His team was so fortunate to stay unbeaten that Joe Paterno admitted afterward he probably should "go home and go to Mass."
"Turnovers, breakdowns and you come out winning a game on the road?" Paterno said, still shaking his head in near disbelief.
The Lions dropped passes. Their defense could not get off the field in the first half. They were outschemed on special teams. They committed two personal foul penalties that sustained stalled Northwestern possessions with one the late hit by Chris Harrell nearly turning an admirable PSU comeback into what would have been a brutal loss.
But nobody created and overcame adversity like Michael Robinson, who kept both teams in the game.
Robinson fumbled four times and threw three interceptions, although two of the picks bounced off receivers' hands. Robinson also had several balls batted down at the line of scrimmage.
Had Penn State lost, he would have been the biggest reason.
And yet, when the Nittany Lions needed him most, Robinson came up huge.
He wound up throwing for 271 yards, rushing for 60 more on nine carries and contributing four touchdowns.
With the game on the line late in the fourth quarter, facing fourth-and-15 from his own 15 with no timeouts left and knowing an incompletion would have sealed the loss and started the Big Ten season with another thud, Robinson showed everybody he may be something special.
He drilled a 20-yard pass over the middle to Isaac Smolko for a first down to the Northwestern 35.
To a man, his teammates said Robinson's demeanor in the huddle did not change, even though a loss would have immediately cued the Nittany Nation's chorus for Anthony Morelli.
"Mike was great," Smolko said. "He called almost all those plays on the last drive. He was calm and collected the whole drive."
Robinson read the safety, who followed the Lion wide receivers, and alertly picked out Smolko in part because he was open, in part because "he probably has the most reliable hands on the team."
Suddenly, a feeling came over the Nittany Lions which they haven't experienced in the past few years: They knew they could win.
On third down from the Northwestern 36, facing a maximum blitz that decked him, Robinson got enough on the ball to find Derrick Williams, who was wide open behind the Wildcats' secondary and made the lone remaining defender miss.
"That last drive," Robinson said, "was all heart."
And nobody showed more of it than M-Rob.
While the jury is still out on him as a big-time quarterback for one thing, he's got eight fumbles in four games he definitely grew up as a leader Saturday.
"That's the Mike we've been hoping to see," Smolko said. "That's the type of leadership you need from a quarterback to be a good team. And we got it."
Robinson will have to protect the ball better, and he'll have to eliminate turnovers. But give credit where it's due: He's hitting nearly 60 percent of his passes, and he's now thrown three touchdowns in each of the last three games.

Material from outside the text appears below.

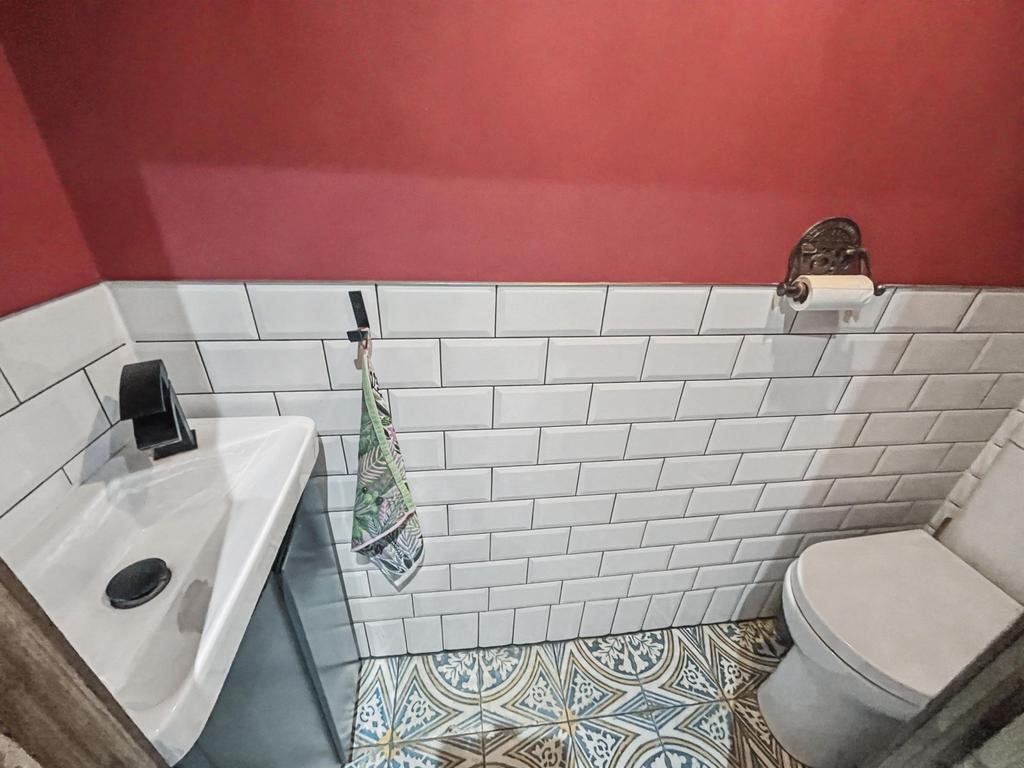 Guest wc.,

His nine touchdown passes is one shy of the Lions' total of 2004.
"I've always been a Michael Robinson fan," Paterno said.
No doubt the new receivers have made a big difference, but Robinson's performance helped the Lions pass a character test they had been failing for the past several years.
With road wins, let alone comebacks, few and far between since many of these upperclassmen joined the program,
Penn State flew home Saturday with a renewed and needed sense of confidence.
"Playing in the Big Ten, there's going to be more times when we'll have to come from behind," said Tony Hunt, who rushed for 99 yards and recovered Robinson's last fumble to keep alive the game-winning possession. "I'm glad to see we were able to do that."
Maybe Penn State is starting to grow up.
And maybe, just maybe, Robinson's quarterback skills will grow to match his leadership.